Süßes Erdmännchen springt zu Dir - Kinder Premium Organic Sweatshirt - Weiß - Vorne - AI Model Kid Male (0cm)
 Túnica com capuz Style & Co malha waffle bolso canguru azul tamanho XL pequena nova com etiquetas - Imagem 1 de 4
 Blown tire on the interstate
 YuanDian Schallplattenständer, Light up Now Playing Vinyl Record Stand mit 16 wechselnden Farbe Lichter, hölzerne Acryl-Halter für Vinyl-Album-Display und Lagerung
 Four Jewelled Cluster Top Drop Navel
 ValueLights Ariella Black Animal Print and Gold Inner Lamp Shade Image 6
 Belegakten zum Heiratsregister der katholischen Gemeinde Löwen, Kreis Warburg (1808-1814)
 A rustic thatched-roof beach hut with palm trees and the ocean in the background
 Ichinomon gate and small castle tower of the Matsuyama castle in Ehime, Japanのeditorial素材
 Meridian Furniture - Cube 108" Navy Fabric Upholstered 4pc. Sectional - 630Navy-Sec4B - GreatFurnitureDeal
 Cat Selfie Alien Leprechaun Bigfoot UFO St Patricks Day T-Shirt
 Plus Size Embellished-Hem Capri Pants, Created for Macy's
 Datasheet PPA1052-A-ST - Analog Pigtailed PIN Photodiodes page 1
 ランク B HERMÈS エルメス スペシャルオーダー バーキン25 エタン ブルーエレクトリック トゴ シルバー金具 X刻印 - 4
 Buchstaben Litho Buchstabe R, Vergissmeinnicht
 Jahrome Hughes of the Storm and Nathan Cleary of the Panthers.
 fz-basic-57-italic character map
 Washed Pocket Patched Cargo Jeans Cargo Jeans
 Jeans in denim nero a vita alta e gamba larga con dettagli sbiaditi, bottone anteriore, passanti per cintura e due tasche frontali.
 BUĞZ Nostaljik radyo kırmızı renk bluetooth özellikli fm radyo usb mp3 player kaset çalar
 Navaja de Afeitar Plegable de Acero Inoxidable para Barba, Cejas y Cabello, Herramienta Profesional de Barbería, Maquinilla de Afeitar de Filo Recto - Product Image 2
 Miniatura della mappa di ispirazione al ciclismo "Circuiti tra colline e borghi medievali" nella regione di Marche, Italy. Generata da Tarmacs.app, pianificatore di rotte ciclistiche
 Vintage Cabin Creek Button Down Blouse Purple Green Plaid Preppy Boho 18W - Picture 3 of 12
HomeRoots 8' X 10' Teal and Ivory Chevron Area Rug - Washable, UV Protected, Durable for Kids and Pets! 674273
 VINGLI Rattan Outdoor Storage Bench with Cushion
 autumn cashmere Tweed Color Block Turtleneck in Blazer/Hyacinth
###
What is being asked: Please output only the lines from the one holding "Buchstaben Litho Buchstabe" to the end of the records, first and last included, exactly as they appear.

Solved exercise:
 Buchstaben Litho Buchstabe R, Vergissmeinnicht
 Jahrome Hughes of the Storm and Nathan Cleary of the Panthers.
 fz-basic-57-italic character map
 Washed Pocket Patched Cargo Jeans Cargo Jeans
 Jeans in denim nero a vita alta e gamba larga con dettagli sbiaditi, bottone anteriore, passanti per cintura e due tasche frontali.
 BUĞZ Nostaljik radyo kırmızı renk bluetooth özellikli fm radyo usb mp3 player kaset çalar
 Navaja de Afeitar Plegable de Acero Inoxidable para Barba, Cejas y Cabello, Herramienta Profesional de Barbería, Maquinilla de Afeitar de Filo Recto - Product Image 2
 Miniatura della mappa di ispirazione al ciclismo "Circuiti tra colline e borghi medievali" nella regione di Marche, Italy. Generata da Tarmacs.app, pianificatore di rotte ciclistiche
 Vintage Cabin Creek Button Down Blouse Purple Green Plaid Preppy Boho 18W - Picture 3 of 12
HomeRoots 8' X 10' Teal and Ivory Chevron Area Rug - Washable, UV Protected, Durable for Kids and Pets! 674273
 VINGLI Rattan Outdoor Storage Bench with Cushion
 autumn cashmere Tweed Color Block Turtleneck in Blazer/Hyacinth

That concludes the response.